» Assigned task:
An exact reproduction of all the entries is what the answer must contain.

[Source records]
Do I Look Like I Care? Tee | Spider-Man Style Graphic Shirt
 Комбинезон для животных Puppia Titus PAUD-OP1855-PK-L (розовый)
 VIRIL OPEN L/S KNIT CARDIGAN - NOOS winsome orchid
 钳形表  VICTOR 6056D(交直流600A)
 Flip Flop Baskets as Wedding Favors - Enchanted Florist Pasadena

» Response below:
Do I Look Like I Care? Tee | Spider-Man Style Graphic Shirt
 Комбинезон для животных Puppia Titus PAUD-OP1855-PK-L (розовый)
 VIRIL OPEN L/S KNIT CARDIGAN - NOOS winsome orchid
 钳形表  VICTOR 6056D(交直流600A)
 Flip Flop Baskets as Wedding Favors - Enchanted Florist Pasadena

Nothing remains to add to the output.